Le THC se concentre rapidement dans les tissus graisseux et ne se diffuse ensuite que tardivement dans l'organisme. A l'arrêt d'une période de consommation régulière, le THC peut éventuellement être décelé dans le sang et dans l'urine durant des semaines.
Une consommation sporadique de cannabis est encore décelable quelques heures après dans le sang, jusqu'à quelques jours dans l'urine.

En outre, il est aussi possible de trouver des traces de THC dans les cheveux, la salive et la sueur.

Cannabis : de la clinique à la loi

4.3. Législation comparée

4.3.1. En Europe

D'un point de vue épidémiologique, la consommation de cannabis se stabilise actuellement dans les pays dans lesquels elle a atteint un niveau élevé, et augmente légèrement dans les autres [100].

Le cannabis reste la drogue illicite la plus consommée dans les pays de l'Union européenne. Le type d'usage le plus rencontré est l'usage occasionnel ou intermittent. Selon les pays, 5 à 30% de la population adulte a déjà consommé au cours de leur vie du cannabis, ce chiffre allant jusqu'à 40% chez les jeunes adultes. La consommation au cours de l'année écoulée varie entre 1 et 9%, jusqu'à 20% chez les jeunes adultes.

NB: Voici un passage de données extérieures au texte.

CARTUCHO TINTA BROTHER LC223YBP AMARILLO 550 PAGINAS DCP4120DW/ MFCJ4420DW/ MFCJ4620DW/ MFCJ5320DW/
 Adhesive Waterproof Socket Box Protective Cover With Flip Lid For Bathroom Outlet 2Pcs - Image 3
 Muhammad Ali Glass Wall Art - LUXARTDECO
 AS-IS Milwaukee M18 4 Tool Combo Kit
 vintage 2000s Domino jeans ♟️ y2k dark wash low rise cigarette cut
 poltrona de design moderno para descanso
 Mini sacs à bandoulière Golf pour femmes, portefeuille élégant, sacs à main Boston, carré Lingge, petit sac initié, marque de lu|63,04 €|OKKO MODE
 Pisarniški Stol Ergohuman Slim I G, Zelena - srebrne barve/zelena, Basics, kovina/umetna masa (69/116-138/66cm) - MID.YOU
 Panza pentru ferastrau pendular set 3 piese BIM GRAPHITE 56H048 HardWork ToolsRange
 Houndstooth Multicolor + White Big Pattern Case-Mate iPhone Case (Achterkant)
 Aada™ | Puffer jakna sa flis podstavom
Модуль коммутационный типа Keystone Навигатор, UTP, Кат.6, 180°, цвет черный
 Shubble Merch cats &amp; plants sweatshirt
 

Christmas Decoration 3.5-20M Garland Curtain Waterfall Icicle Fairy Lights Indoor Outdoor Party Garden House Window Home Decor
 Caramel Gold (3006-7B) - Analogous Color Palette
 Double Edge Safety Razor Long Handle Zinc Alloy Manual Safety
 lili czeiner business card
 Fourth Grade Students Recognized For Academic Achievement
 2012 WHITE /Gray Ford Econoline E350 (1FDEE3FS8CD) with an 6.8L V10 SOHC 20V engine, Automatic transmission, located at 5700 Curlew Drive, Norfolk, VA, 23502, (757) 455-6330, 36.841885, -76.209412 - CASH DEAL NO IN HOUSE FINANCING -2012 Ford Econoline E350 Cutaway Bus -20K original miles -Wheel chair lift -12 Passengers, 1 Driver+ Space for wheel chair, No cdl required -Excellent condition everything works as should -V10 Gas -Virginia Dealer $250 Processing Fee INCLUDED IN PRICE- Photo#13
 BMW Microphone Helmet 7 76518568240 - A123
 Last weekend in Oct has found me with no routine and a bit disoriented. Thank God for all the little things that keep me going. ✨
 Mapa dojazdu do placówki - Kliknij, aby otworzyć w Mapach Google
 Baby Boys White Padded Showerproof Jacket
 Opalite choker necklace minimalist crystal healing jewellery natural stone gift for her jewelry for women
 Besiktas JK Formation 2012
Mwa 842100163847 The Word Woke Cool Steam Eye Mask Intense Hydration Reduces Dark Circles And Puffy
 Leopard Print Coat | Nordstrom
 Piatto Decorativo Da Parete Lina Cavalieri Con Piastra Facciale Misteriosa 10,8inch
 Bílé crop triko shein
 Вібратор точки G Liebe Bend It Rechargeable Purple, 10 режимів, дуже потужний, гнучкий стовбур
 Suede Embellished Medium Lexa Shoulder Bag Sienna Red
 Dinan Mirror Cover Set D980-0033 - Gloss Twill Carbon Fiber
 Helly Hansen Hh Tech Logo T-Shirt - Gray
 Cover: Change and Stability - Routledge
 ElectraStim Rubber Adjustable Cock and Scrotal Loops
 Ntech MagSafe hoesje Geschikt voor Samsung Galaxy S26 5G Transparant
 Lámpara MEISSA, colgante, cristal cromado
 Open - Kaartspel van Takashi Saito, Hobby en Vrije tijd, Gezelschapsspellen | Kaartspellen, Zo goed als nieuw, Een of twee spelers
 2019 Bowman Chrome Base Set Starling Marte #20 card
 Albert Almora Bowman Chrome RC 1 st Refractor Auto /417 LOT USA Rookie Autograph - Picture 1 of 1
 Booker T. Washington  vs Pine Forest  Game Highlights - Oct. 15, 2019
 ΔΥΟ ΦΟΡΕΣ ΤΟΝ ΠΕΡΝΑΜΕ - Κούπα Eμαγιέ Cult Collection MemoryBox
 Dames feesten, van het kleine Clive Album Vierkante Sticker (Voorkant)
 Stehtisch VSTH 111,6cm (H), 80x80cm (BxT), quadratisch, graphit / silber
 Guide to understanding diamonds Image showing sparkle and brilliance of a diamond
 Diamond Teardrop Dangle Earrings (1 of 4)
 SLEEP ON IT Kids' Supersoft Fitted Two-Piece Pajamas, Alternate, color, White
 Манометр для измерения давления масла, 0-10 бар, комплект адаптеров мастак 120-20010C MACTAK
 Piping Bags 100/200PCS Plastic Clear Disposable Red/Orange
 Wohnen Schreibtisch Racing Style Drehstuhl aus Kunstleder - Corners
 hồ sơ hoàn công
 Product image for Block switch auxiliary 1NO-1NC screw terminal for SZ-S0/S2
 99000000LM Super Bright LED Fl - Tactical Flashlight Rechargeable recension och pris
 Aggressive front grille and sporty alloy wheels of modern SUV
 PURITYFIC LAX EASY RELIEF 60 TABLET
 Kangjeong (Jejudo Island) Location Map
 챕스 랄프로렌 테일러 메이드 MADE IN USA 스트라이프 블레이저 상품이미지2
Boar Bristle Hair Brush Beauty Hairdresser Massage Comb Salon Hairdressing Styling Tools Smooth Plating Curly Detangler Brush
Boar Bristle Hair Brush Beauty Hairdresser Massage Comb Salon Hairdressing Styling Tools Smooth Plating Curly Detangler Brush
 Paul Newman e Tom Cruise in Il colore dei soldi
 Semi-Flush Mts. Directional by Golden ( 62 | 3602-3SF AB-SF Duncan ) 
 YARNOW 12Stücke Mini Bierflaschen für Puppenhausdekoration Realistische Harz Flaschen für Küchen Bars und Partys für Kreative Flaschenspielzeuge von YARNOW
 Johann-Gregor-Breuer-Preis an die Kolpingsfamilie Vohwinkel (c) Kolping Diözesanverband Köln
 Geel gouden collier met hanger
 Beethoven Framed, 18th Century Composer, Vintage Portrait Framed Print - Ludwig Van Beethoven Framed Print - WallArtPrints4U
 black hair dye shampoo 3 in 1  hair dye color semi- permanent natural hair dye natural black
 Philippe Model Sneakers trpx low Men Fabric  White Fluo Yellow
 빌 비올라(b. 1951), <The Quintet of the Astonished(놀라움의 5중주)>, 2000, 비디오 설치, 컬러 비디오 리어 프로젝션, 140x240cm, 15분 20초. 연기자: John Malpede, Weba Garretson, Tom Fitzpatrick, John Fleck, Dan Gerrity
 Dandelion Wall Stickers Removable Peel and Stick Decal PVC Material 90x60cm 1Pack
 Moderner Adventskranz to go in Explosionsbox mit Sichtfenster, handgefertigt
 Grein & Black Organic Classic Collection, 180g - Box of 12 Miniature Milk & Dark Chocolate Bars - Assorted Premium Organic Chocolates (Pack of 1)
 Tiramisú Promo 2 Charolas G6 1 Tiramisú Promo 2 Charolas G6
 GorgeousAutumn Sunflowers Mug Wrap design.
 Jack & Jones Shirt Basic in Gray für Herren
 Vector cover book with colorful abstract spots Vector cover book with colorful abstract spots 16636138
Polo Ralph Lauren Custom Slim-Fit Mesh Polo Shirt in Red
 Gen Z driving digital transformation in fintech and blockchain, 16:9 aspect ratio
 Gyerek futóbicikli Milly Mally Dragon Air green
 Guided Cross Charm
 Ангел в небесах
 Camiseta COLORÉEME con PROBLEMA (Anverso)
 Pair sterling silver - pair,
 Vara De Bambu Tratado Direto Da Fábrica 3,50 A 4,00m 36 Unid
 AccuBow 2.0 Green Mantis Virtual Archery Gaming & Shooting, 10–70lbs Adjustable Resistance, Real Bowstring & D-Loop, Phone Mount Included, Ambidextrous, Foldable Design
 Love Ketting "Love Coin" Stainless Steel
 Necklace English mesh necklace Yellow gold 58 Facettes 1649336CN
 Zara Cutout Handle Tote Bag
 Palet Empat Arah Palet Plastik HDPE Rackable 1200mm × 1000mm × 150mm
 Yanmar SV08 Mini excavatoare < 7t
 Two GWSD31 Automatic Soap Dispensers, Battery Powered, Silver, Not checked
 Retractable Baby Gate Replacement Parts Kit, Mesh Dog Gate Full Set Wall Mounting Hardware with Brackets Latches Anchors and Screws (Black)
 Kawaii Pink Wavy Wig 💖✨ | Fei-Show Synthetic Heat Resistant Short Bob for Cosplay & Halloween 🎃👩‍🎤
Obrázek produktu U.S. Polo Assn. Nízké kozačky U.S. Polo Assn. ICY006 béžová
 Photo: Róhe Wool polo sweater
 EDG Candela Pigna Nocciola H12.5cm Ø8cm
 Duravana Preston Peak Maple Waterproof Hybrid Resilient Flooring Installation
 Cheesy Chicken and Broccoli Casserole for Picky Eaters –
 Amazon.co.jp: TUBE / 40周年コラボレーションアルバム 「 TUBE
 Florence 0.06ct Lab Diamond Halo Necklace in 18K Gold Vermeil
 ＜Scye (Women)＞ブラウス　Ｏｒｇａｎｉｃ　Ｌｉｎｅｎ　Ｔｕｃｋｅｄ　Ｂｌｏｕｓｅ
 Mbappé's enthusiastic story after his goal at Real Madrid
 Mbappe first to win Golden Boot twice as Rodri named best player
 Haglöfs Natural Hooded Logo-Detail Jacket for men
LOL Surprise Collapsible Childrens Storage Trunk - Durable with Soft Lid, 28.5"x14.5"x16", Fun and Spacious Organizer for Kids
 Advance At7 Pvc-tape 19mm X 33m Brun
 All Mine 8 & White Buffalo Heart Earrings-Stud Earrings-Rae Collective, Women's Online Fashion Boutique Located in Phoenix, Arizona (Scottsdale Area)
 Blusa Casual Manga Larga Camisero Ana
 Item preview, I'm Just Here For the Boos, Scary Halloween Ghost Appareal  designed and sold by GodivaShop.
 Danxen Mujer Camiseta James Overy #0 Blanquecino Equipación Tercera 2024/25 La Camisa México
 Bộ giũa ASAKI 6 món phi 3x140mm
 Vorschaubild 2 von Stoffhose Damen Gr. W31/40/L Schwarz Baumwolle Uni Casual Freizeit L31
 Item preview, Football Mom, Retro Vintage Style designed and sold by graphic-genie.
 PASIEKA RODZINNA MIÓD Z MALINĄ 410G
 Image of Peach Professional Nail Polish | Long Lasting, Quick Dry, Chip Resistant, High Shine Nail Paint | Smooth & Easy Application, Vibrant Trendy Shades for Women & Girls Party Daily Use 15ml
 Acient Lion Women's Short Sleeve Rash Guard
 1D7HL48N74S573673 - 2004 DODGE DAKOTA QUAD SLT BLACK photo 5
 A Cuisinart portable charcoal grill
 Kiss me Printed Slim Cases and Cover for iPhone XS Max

Tous les pays européens ne disposent pas d'information en terme de prévalence, ce qui rend difficile la tentative de situer un pays par rapport à l'ensemble des autres. La prévalence de l'usage dans les douze derniers mois chez les jeunes adultes semble assez proche en France (8%), en Allemagne (8%), au Danemark (7%), et même en Espagne (11%). Chez les 15-16 ans, la prévalence au cours de la vie semble particulièrement élevée au Royaume-Uni, en Irlande et aux Pays-Bas.

L'usage du cannabis n'est incriminé dans pratiquement aucun pays d'Europe en dehors de la France, du Luxembourg et du Portugal (l'Espagne et la Belgique répriment l'usage en public).

Les Pays-Bas, l'Espagne et l'Italie établissent à propos de la possession en vue de l'usage et à propos du trafic, une distinction entre "drogue dure" et "drogue douce" (les peines prévues en théorie étant moindres dans le deuxième cas).

L'Irlande et le Royaume-Uni établissent une distinction entre "opium" et "autres drogues" et non pas entre "drogues dures" et "drogues douces".

L'Allemagne et le Danemark incriminent et répriment l'acquisition en vue de l'usage, ce qui revient, de manière indirecte, à incriminer et réprimer l'usage.

La France et le Royaume-Uni apparaissent comme les pays où le cannabis occupe la part la plus importante dans les interpellations en matière de drogue [100]. En 1996 par exemple : 79% en France, 77% au Royaume-Uni, loin devant l'Allemagne (43%), l'Espagne (56%) et même la Belgique (65%).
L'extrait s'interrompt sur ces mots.